I often find myself reminding my Chemistry and Material Science students that they are not supposed to use direct “quotations” from scientific papers they read but they should paraphrase and cite what they consider the most important information element. I also give them a list of paraphrasing techniques simplifying them down to:

  1. Technical vocabulary (terminology) cannot always be paraphrased (e.g. mobile or stationary phase in chromatography)
  2. Using  synonyms or antonyms can be handy as long as you make sure the meaning is the same
  3. Transforming verbs into nouns (differ–difference) and adjectives into adverbs (and vice versa) can be very helpful
  4. Change the order of information or change from active to passive voice
  5. Acknowledge the authors or you will be plagiarising e.g. Smith et al. (2016) reported that…
  6. Summarise the content leaving out details (keep only what is really relevant to what YOU are trying to say)
  7. Add your own evaluative comments e.g. The main weakness in this report  …

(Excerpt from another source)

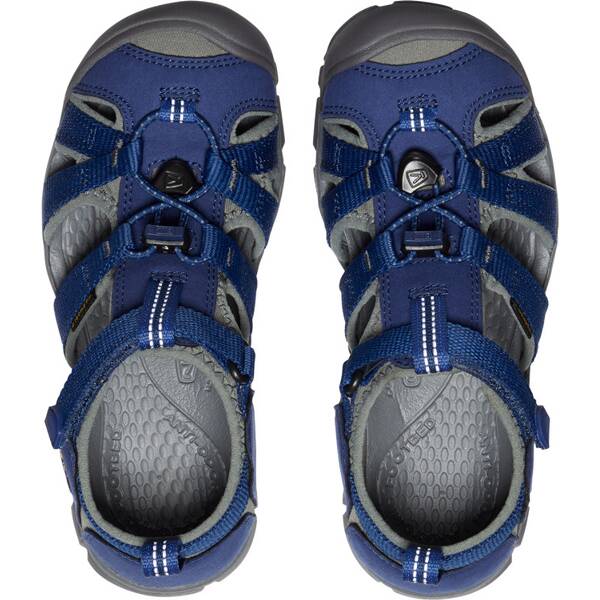 Thumbnail - KEEN Kinder Sandalen SEACAMP II CNX Y-BLUE DEPTHS/GARGOYLE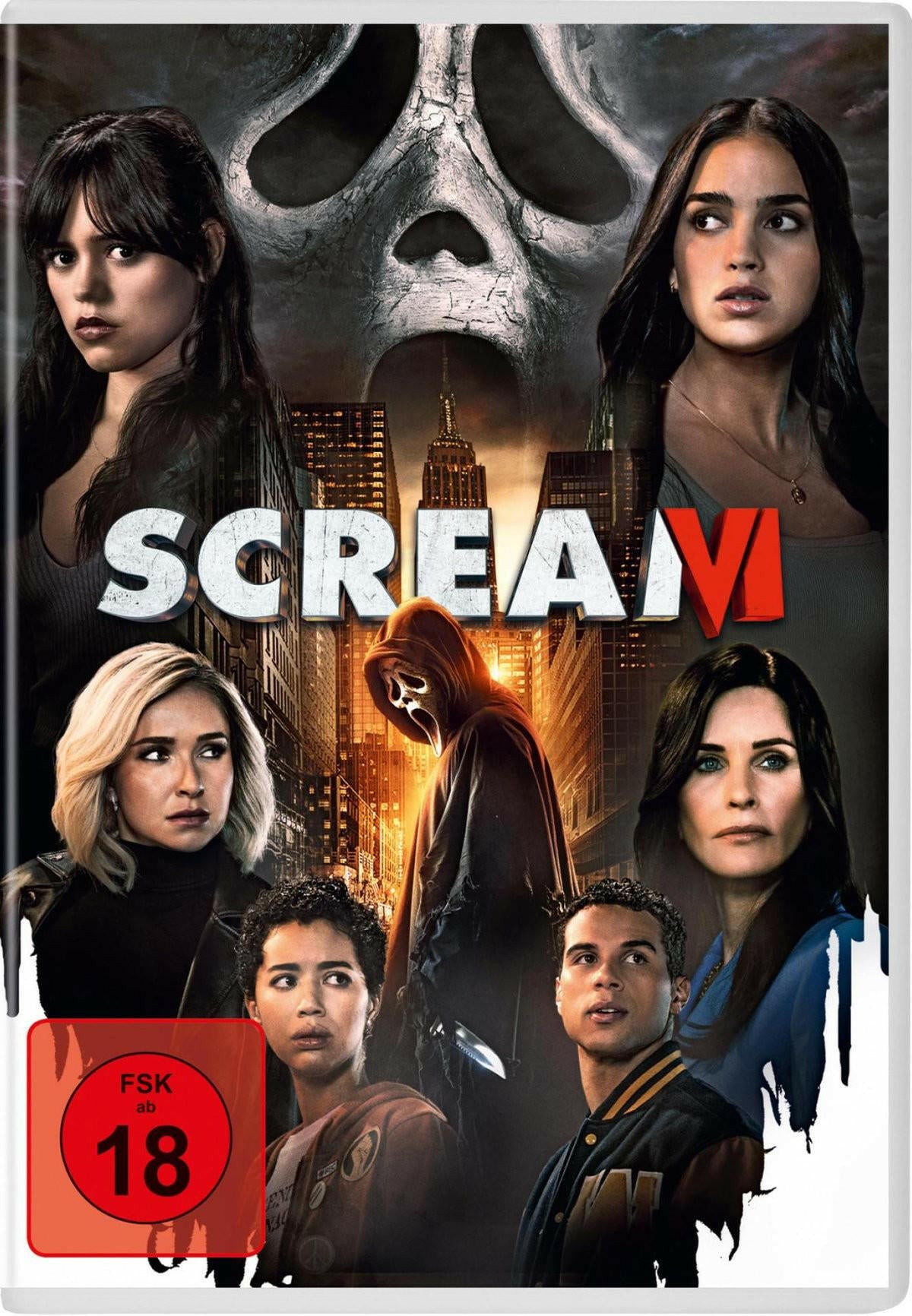 Scream 6 DVD Horror Thriller Filme USA 2022 - Melissa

Then, I ask my students to choose one paragraph of their own from our textbook and paraphrase it legitimately. Yet, things do not always work as I have planned. Despite my sincere efforts to guide my students and hopefully contribute to more effective academic writing, I am always in for a surprise when some students still come up with texts like this:

Original paragraph
Adsorption chromatography was developed first. It has a solid stationary phase and a liquid or gaseous mobile phase. (Plant pigments were separated at the turn of the 20th century by using a calcium carbonate stationary phase and a liquid hydrocarbon mobile phase. The different solutes travelled different distances through the solid, carried along by the solvent.) Each solute has its own equilibrium between adsorption onto the surface of the solid and solubility in the solvent, the least soluble or best adsorbed ones travel more slowly. The result is a separation into bands containing different solutes. Liquid chromatography using a column containing silica gel or alumina is an example of adsorption chromatography. The solvent that is put into a column is called the eluent, and the liquid that flows out of the end of the column is called the eluate.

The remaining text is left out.